Given data:
+===+

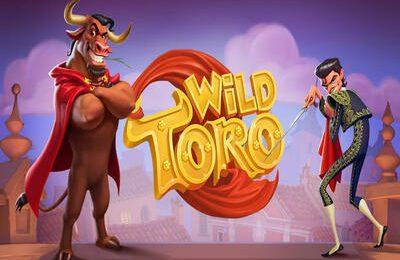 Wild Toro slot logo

+===+

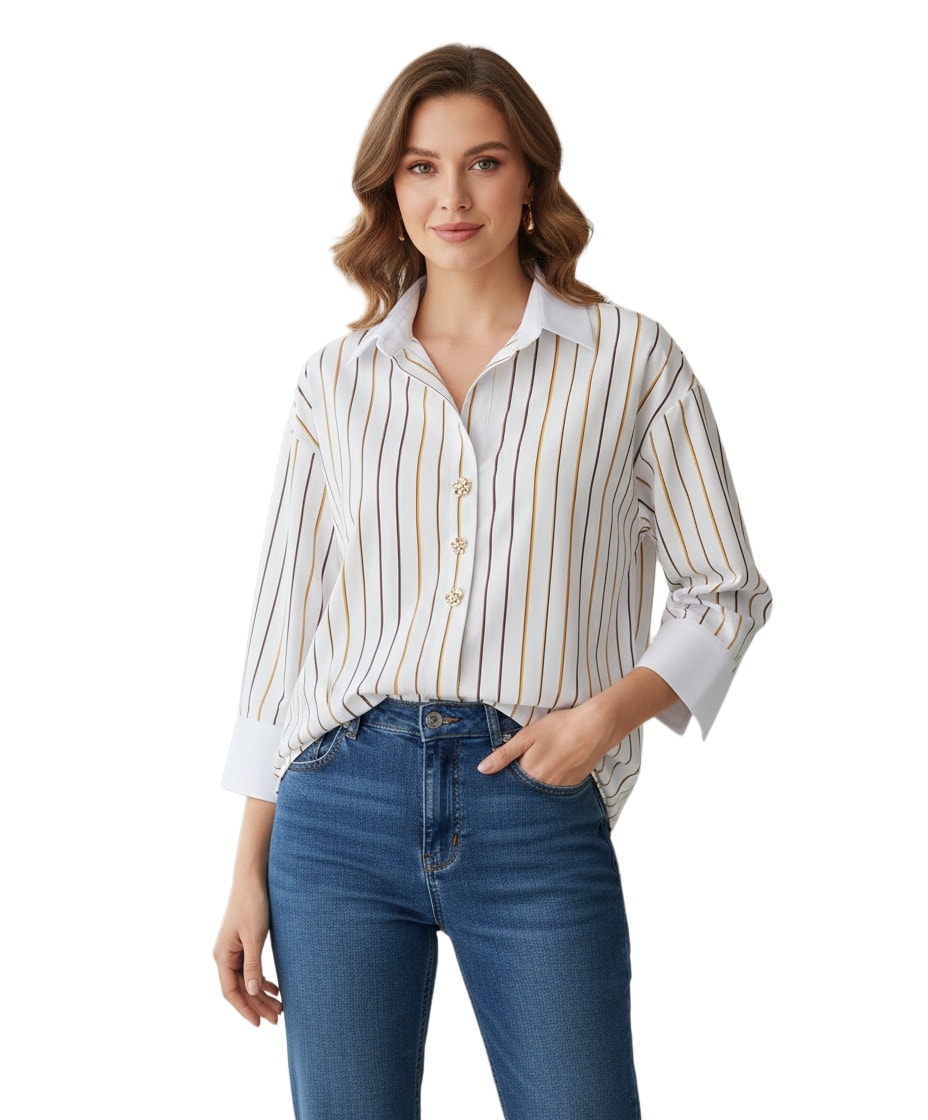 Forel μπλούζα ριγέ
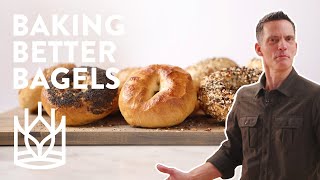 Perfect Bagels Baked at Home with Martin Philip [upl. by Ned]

+===+

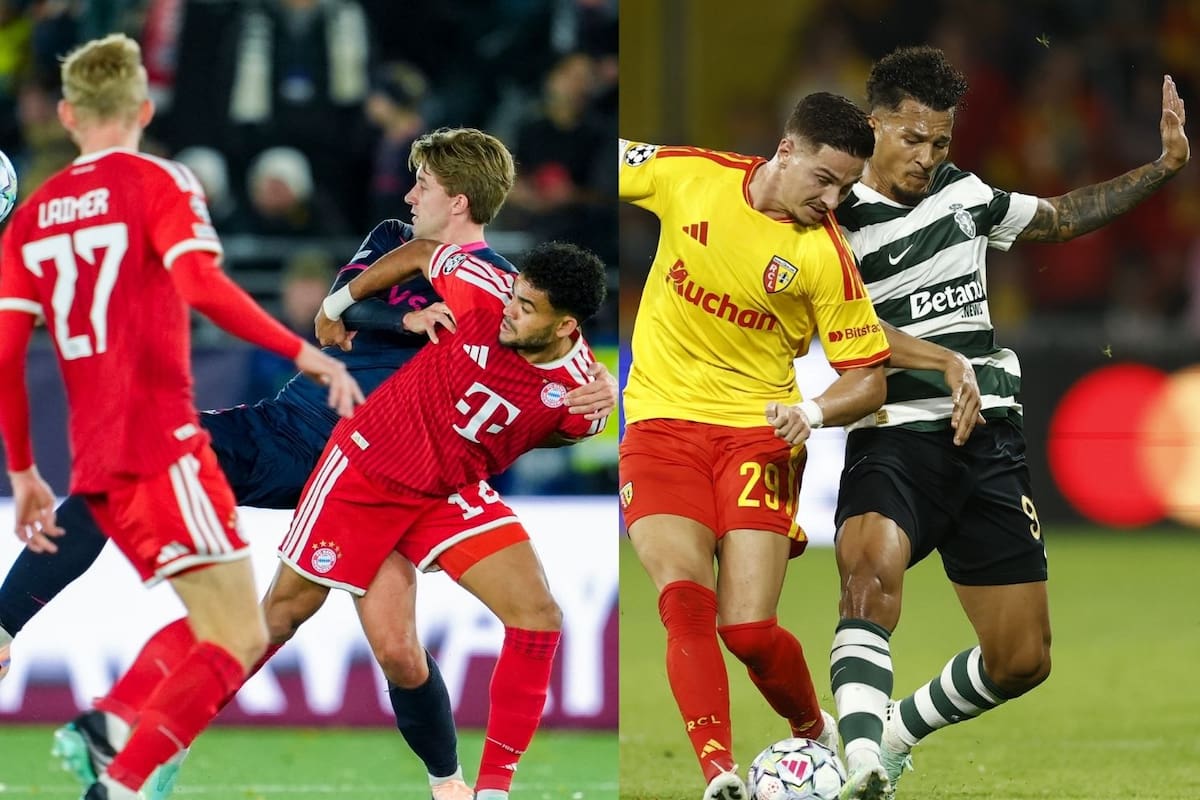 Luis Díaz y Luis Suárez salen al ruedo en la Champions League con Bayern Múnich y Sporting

+===+

Exercise goal:
Within the material above, only the stretch from the line holding "Forel μπλούζα ριγέ" through the line holding "Perfect Bagels Baked" is to be restated exactly. Pictures are dropped.

Completed exercise:
 Forel μπλούζα ριγέ
 Perfect Bagels Baked at Home with Martin Philip [upl. by Ned]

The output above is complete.